Dataset records Start Marker
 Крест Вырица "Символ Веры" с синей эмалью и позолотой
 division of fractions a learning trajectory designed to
Dataset records End Marker
Dataset records Start Marker
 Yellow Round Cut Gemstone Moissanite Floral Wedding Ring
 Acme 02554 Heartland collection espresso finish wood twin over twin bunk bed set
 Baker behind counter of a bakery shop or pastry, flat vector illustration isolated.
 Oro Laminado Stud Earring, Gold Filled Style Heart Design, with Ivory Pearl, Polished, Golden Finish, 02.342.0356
Dataset records End Marker
Could you retype exactly the lines above, starting at the line that contains "эмалью и позолотой" and ending at the line that contains "division of fractions", and nothing more?

 Крест Вырица "Символ Веры" с синей эмалью и позолотой
 division of fractions a learning trajectory designed to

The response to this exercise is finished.